Dining out review by Tom Hay
Becket’s Restaurant & Grill sits on Castlegate in Knaresborough, just off the market square.
It opened last summer after an ambitious and sympathetic renovation of the old building it occupies, which has left history and solidity evident beneath an expensive-looking sheen of white walls and dark wood.
In the main dining room, a large, old, dilapidated fireplace remains largely intact.
A removed beam, immense and more than 600-years-old, has been repurposed as a seating bench.
There’s a lovely outdoor bit which catches the sun and a smaller room upstairs which would make birthday groups feel like they owned the place.
It’s a mezzanine, so the floor doesn’t fully cut off the room below – some noise carries and they share a chandelier, making it all feel cohesive.
Starters are great value. Smoked ham hock croquettes are filled to the brim with meat, salty and crisp and balanced by sharp pickles and dots of tartare sauce (£5.95).
A goats cheese and potato terrine (latticed on top with soft layers beneath, a mish-mash of rosti and dauphinoise) comes with glacé cherries, pistachios and rocket.
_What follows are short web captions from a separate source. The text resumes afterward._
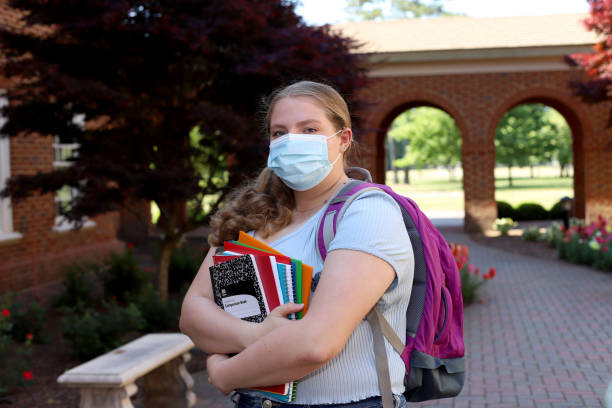 istock 14 year old girl read for back to school posing with her notebooks and backpack. 1317231437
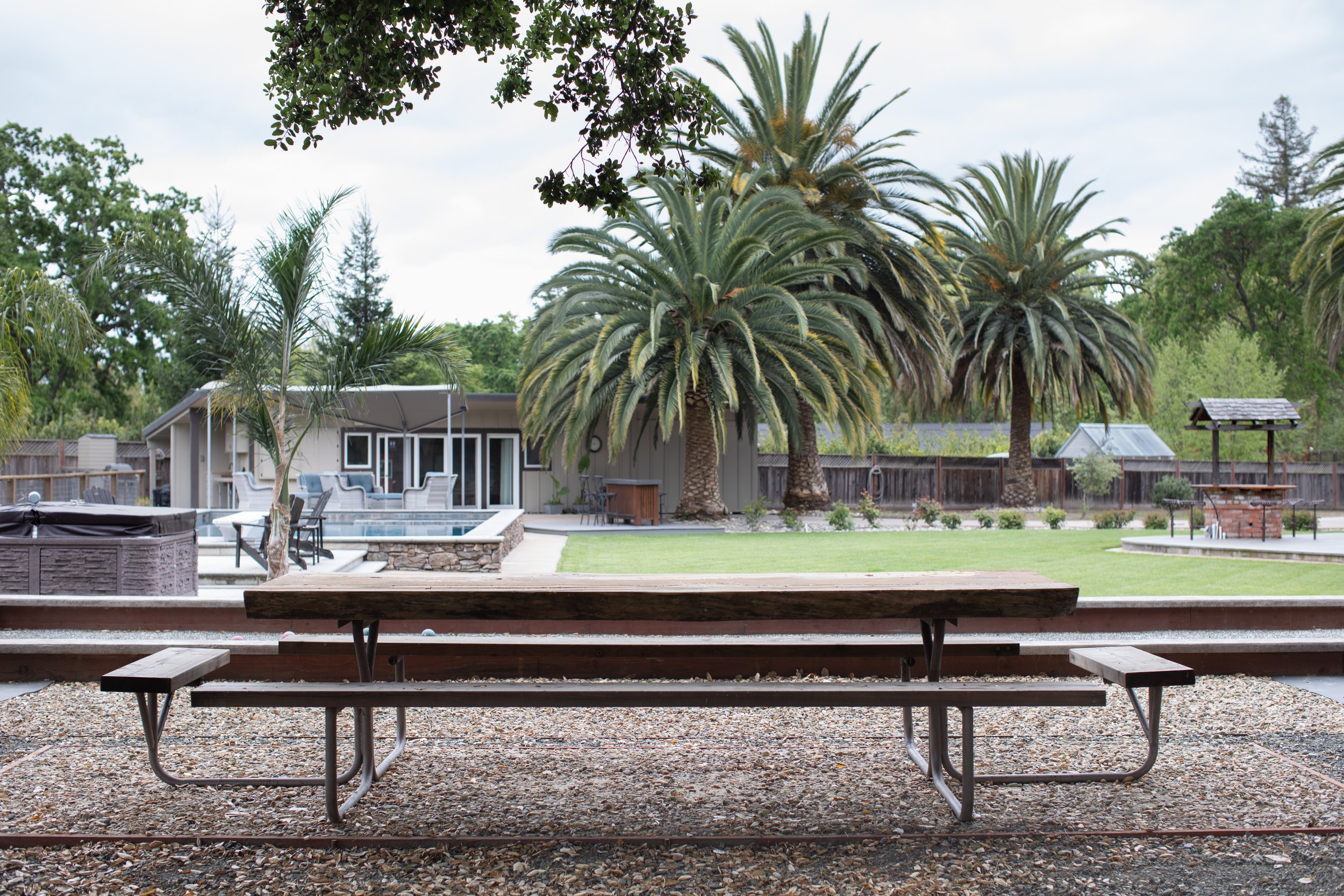 A backyard view from a covered patio with a wooden picnic table and benches, overlooking a landscaped yard with palm trees, a small pool, outdoor seating, and a brick barbecue grill.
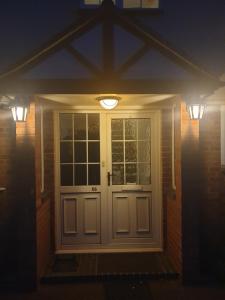 une porte d'entrée d'une maison éclairée dans l'établissement Harry Potter theme Double room in shared house, à Garston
It’s not perfect but it’s inventive and it works (£5.95).
Mains aren’t such a bargain, but tasty, well-cooked and thoughtfully-flavoured side veg come as standard.
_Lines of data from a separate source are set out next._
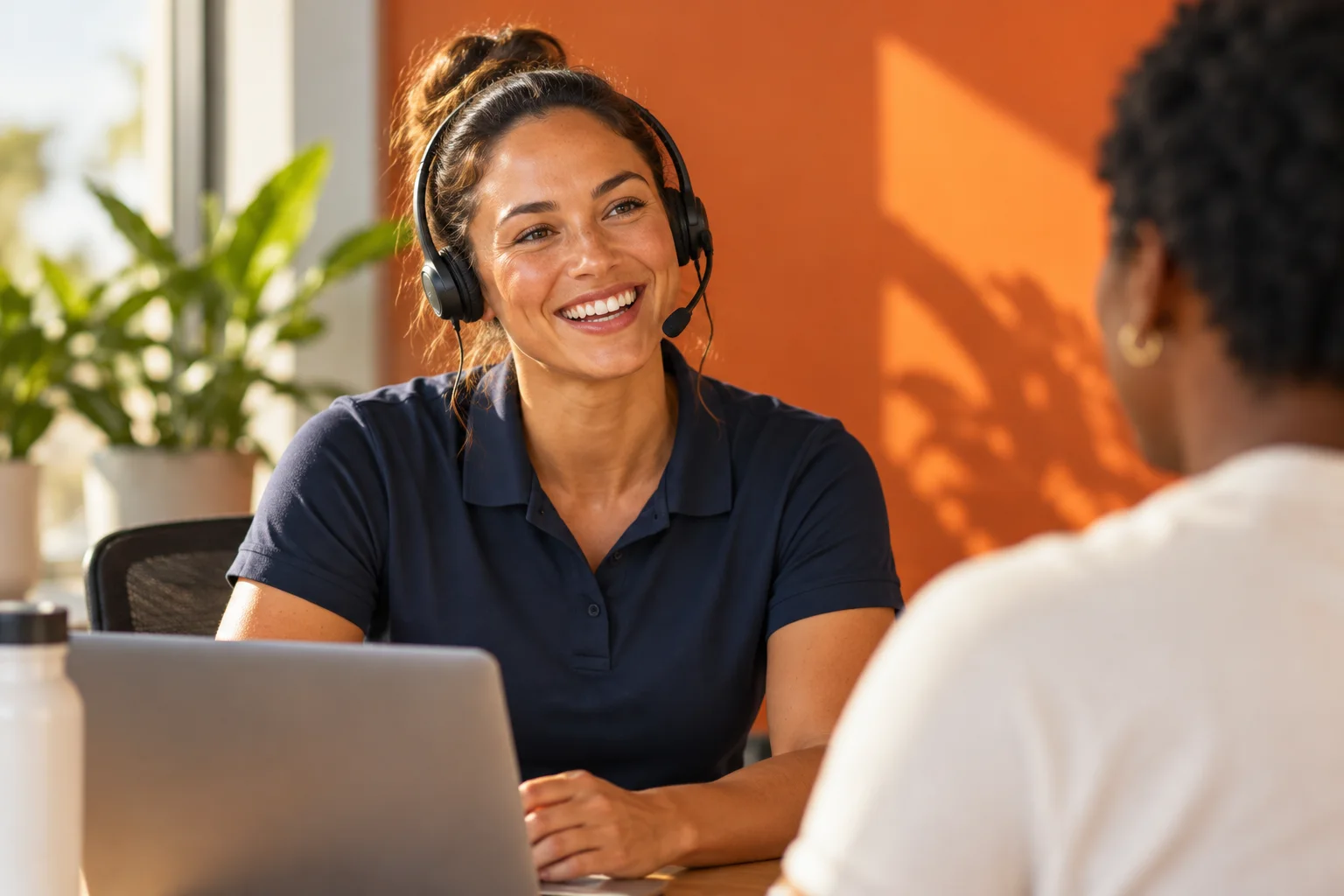Support team member with a headset smiling at a colleague
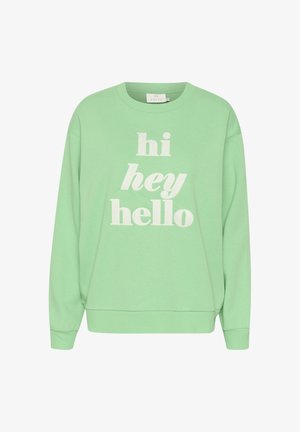 Lichtgroene oversized sweatshirt van zachte stof, met de tekst "hi hey hello" in het wit, en geribde manchetten en onderrand.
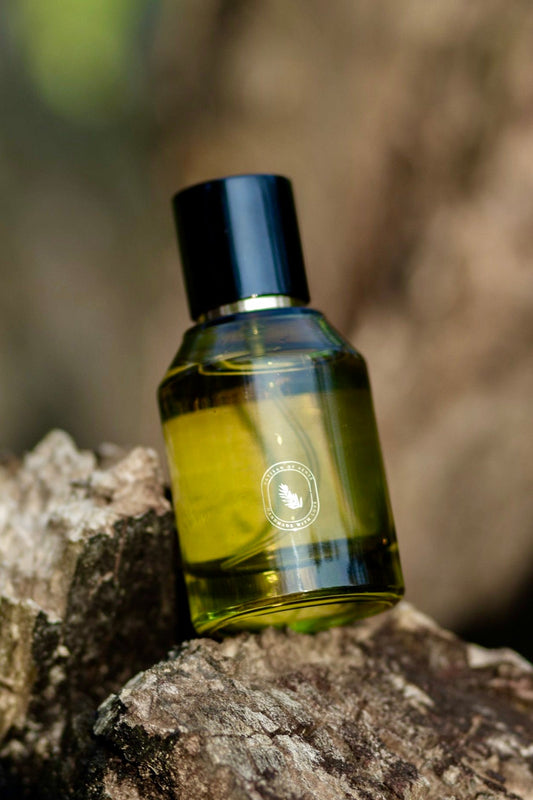 Olive green glass bottle of Artisan of Sense natural botanical room and body mist resting on rugged tree bark in a soft-focus forest setting.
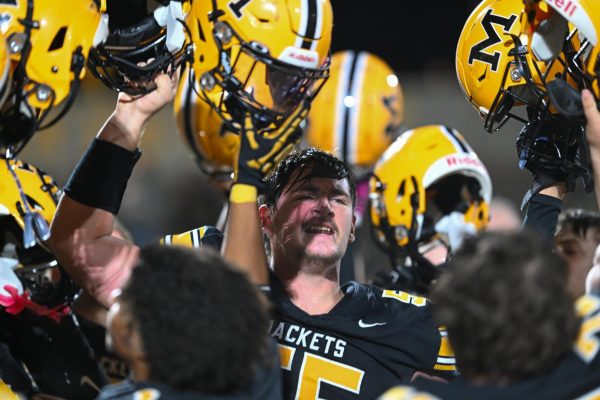 The Middlesboro Yellow Jackets celebrated after holding off Hazard 44-36 on Friday in the second round of the Class A playoffs.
A monkfish dish is really impressive: three chunks of meaty, pepper-crusted tail flesh on a plate adorned with three sauces (mint, tomato salsa, pea puree) and bits of delicate asparagus and crisp, salty ham (£17.95).
That variety doesn’t extend to the risotto balls, of which there are three large egg-shaped ones served with melted mozzarella and less tomato sauce than they needed. The only disappointment, but not a big one (£14.25).
For dessert, four bite-sized doughnuts sit on tiny chunks of fruit (mango, strawberry, kiwi, apple) in a lightly spiced syrup (£5.95).
The doughnuts aren’t the star – chewy more than crisp, they merely add heft (and a dollop of cream adds richness) to the gorgeous fruit sauce.
A textbook crème brûlée is thick and smooth with flavours of condensed milk and caramel (coffee-ish, almost) and a perfect crust.
Beside it, a slice of blood orange tart takes the form factor of a lemon tart but uses a different fruit, though a few tablespoons of lemon juice carry such clout compared to blood orange that the flavour is far more subtle.
Whether the brûlée and tart belong together is uncertain, but they’re both good (£6.25).
There’s a nice Australian Riesling (Allegory, Howard Park, £23.50) which tastes quite a bit like lemons and green apples with none of the sweetness that makes some people get angry at German Riesling.
Meanwhile, the dessert wine (Muscat de Beaumes de Venise, £4.75) is pretty straightforward – it smells like canned apricots, tastes like sultanas and stands up to the sugar content of the aforementioned puddings.
All told, I like it a lot. The chef (who is pretty new there, at the time of writing) has a great eye for plating and a good palate.
Apparently he’s so creative that the menu changes all the time, which is a terrible idea for a bad chef but a clear strength for this one.
It certainly makes me want to eat there again.